The 1964 Games are still three years away, but the Japanese, who want to put on the best show ever, already have mastered many of the problems of staging the world's largest carnival

Lighting the sky during the closing minutes of the 1960 Olympic Games in Rome, the huge electric scoreboard flashed the farewell message, ARRIVE-DERCI A TOKYO 1964—"Till we meet again in Tokyo 1964."

The words were seen by the Japanese team and by 120 other Japanese who had been dispatched to Rome to observe how the West puts on an Olympics. After Rome's gorgeous and magnificent display, twinges of self-doubt must have stirred in the breasts of the Japanese, who will stage the next Games in 1964. But if they were struck dumb with fear, as some Tokyo newspapers reported, they had an odd way of showing their paralysis. In the three-quarters of a year since Rome, the Japanese have pushed ahead on an ambitious program which, when it is through, will have changed the face of Tokyo.

Many Japanese are already viewing the Games as a milestone in their country's history. They see them as a sign of Japan's maturity as a modern state, a return to respectability after the dark years of militarism and an opportunity to show off their nation's talents. They are well aware that this XVIII Olympiad will be the first ever held in Asia—the first in a non-Western country. Their prestige will be challenged and the fear of losing face is great.

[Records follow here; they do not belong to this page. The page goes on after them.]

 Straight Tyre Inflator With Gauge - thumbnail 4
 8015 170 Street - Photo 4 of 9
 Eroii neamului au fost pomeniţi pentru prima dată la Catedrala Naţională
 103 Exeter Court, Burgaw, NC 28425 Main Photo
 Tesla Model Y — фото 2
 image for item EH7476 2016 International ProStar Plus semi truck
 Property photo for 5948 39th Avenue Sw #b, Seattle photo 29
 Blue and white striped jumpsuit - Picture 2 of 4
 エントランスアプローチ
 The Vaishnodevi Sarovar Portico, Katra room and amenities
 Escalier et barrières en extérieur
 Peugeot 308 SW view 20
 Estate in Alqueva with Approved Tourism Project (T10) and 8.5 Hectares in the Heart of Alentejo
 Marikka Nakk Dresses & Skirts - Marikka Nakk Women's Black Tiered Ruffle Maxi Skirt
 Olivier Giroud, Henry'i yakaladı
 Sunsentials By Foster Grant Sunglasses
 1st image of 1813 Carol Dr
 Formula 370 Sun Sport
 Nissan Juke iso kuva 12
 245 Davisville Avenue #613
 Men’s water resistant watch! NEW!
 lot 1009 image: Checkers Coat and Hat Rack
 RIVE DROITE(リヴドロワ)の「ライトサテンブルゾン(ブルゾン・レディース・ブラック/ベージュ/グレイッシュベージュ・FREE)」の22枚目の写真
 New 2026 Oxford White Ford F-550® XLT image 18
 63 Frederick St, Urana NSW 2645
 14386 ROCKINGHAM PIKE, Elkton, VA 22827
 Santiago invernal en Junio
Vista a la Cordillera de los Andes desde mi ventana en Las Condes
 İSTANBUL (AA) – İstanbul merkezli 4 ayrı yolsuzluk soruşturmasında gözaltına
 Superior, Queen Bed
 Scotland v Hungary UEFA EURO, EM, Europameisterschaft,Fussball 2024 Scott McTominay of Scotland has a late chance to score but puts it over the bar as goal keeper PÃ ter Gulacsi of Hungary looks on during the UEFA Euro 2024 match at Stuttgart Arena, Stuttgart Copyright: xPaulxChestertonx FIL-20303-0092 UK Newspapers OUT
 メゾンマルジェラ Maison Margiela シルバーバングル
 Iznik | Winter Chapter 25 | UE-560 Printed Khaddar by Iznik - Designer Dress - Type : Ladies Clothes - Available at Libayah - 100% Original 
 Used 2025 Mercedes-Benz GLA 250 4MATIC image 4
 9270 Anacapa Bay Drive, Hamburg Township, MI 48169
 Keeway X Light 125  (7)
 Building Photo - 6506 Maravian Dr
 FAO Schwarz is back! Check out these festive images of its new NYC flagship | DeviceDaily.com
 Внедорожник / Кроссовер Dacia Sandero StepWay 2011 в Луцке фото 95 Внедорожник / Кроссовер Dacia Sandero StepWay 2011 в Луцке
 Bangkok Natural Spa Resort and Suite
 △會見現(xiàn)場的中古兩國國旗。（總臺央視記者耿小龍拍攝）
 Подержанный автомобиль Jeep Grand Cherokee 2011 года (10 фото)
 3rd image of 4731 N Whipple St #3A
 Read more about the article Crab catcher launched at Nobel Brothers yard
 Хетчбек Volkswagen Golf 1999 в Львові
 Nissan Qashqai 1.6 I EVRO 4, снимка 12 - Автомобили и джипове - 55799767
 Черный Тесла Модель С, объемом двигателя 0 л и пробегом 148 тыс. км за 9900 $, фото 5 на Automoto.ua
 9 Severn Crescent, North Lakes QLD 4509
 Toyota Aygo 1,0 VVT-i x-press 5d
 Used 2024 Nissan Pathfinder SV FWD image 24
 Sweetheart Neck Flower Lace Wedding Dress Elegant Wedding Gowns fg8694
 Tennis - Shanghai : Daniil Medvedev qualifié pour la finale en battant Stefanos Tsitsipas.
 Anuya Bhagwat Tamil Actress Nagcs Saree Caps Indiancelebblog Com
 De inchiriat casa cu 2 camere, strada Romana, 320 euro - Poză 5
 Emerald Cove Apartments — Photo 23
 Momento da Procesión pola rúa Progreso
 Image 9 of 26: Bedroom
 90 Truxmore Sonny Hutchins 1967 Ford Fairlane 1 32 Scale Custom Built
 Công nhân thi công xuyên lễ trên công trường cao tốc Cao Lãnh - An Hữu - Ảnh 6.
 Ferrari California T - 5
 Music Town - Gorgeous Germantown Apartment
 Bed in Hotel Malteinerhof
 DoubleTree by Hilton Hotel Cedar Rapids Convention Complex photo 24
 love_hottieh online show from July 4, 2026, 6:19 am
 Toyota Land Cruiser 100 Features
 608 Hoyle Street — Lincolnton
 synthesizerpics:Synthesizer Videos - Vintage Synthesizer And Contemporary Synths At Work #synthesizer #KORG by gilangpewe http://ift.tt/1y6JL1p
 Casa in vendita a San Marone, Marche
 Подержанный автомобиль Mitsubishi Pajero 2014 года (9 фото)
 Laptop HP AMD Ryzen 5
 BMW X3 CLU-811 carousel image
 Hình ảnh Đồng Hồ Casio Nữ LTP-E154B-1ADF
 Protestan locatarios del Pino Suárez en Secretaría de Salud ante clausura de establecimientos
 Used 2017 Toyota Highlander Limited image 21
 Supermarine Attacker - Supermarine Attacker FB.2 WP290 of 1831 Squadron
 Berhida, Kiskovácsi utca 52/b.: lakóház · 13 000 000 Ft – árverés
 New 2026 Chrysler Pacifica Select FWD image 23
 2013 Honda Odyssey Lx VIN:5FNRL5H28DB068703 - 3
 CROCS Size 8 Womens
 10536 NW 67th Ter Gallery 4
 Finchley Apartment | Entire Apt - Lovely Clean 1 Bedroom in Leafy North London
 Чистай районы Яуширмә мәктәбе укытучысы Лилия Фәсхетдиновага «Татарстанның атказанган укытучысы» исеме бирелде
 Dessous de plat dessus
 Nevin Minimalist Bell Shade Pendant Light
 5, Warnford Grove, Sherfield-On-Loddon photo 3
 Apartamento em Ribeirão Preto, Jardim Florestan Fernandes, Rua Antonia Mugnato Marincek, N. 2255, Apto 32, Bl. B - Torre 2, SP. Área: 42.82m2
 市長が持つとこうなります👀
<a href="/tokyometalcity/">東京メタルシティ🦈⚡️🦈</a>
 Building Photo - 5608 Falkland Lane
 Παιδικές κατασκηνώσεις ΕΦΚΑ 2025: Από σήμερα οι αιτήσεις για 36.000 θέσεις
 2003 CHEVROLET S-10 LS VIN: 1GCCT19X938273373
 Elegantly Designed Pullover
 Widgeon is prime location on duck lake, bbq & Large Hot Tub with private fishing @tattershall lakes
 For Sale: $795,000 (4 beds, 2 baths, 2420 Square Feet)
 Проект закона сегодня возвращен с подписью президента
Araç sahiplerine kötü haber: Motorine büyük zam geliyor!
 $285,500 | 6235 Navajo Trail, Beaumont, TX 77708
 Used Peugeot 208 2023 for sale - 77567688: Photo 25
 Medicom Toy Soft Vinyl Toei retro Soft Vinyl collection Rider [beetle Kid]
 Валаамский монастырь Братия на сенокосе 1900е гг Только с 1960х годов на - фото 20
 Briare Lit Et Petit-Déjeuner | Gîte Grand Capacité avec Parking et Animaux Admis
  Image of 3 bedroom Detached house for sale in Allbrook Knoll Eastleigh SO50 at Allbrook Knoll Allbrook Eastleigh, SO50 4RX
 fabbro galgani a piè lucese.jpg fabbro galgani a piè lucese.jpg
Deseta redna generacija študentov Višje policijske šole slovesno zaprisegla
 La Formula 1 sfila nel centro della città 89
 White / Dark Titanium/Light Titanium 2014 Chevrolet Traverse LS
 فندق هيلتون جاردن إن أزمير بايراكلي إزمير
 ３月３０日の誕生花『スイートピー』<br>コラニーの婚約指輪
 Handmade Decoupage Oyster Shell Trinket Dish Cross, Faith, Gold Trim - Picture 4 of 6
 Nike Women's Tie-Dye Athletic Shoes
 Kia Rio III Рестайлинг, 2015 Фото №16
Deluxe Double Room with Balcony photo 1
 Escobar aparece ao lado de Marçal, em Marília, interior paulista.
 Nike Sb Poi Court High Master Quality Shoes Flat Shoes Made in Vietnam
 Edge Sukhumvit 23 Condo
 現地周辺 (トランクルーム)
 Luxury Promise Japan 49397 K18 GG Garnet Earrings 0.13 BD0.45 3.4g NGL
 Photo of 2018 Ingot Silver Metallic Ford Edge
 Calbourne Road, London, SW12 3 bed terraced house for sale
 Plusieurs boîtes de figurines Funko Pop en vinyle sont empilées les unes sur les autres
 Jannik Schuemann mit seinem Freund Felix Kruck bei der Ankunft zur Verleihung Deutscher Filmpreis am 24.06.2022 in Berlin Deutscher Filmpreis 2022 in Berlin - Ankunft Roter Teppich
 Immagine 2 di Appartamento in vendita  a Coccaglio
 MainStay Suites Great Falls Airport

The tasks before them are appalling. "It will take a miracle to get ready for the Games," the Tokyo Times gloomily predicted. What it had in mind was the-traffic chaos and the bone-crushing crowding in what is now the largest city on earth. Tokyo is a great stew of 9.7 million frighteningly energetic people squeezed into an urban pressure cooker. The struggle for elbow room on the overworked subways and trains goes on day and night, and the competition of 600,000 vehicles in the narrow, potholed lanes and the few boulevards has crushed any old-fashioned ideas of etiquette. With its mingling of commerce and government and the gaudiest night life since the fall of Rome, Tokyo is New York and Washington combined, with a heavy coating of Las Vegas. Unplanned, unlovely and hazardous but hypnotically exciting, Tokyo mushrooms by 300,000 more people every year. By Olympics time its population will number 10½ million, its vehicles over 1 million.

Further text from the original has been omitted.